E os restantes estilos musicais já estão a notar o seu crescer de popularidade. Bandas indie como os Cloud Nothings ou os Japandroids têm começado a apostar cada vez mais na energia punk e em letras depressivas. Do lado da música pesada, temos os Converge, que no seu último álbum meteram melodias, letras e, principalmente, alguns estilos vocais mais próximos de uma banda screamo do que do seu habitual mathcore. Há ainda o caso dos Code Orange Kids que decidiram pôr a sua mistura de hardcore e sludge de parte por uns momentos, para se dedicarem a Adventures, um projecto paralelo de emo.

Apesar de não haver um movimento coeso, já se vão notando influências nas bandas do nosso país, como é o caso dos LEAF, que juntam a uma sensibilidade emo uma roupagem mais math rock, ou os Treehouses que partilham o mesmo amor e obsessão pela musica dos anos 90 e por bandas como Basement.

O emo está a crescer e a tornar-se um dos maiores movimentos underground da actualidade de tal forma que, para clarificar algumas confusões e acabar com alguns tabus, a publicação Washed Up Emo criou um site chamado Is This Band Emo?, onde se pode colocar o nome de uma banda e saber se esta pertence ou não ao género.
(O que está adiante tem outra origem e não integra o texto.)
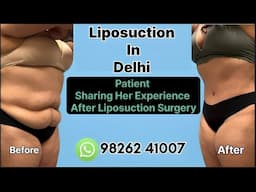Liposuction in Delhi | Best Clinic to Reduce belly fat & lose weight in Delhi | Zenith Clinic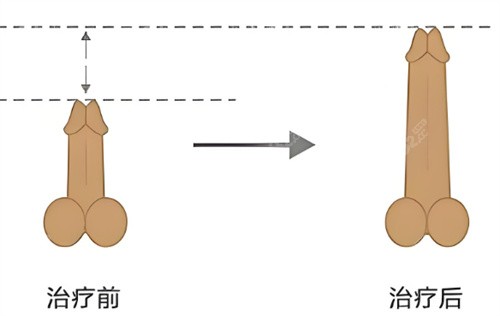 男生增大增粗示意圖 男生增大增粗示意圖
Vale a pena visitar e perder algum tempo a escrever uns nomes e ver as respostas, não só porque algumas são engraçadas, mas também porque se muita gente reclamar, os autores — que se auto-intitulam de “Emo Council” — podem repensar o seu “julgamento”. Algo que aconteceu, por exemplo, com TTNG. Da extensa lista de respostas engraçadas, temos o resultado de My Chemical Romance. Para os autores, “eyeliner definitivamente não é fixe”, havendo ainda direito a um pequeno gif de Barack Obama.

A marca de audio Bose fez uma série de documentários chamada Scene+Heard, onde incluiu um episódio sobre toda a cena emo de Chicago — cidade-mãe deste estilo musical — nos anos 90, tendo como protagonista Evan Weiss, o cérebro de Into It. Over It. e vocalista de Their/They’re/There. O documentário pretende retratar o ambiente da época e a abordagem dos jovens à música e aos concertos, bem como toda a estética do-it-yourself que existia na altura.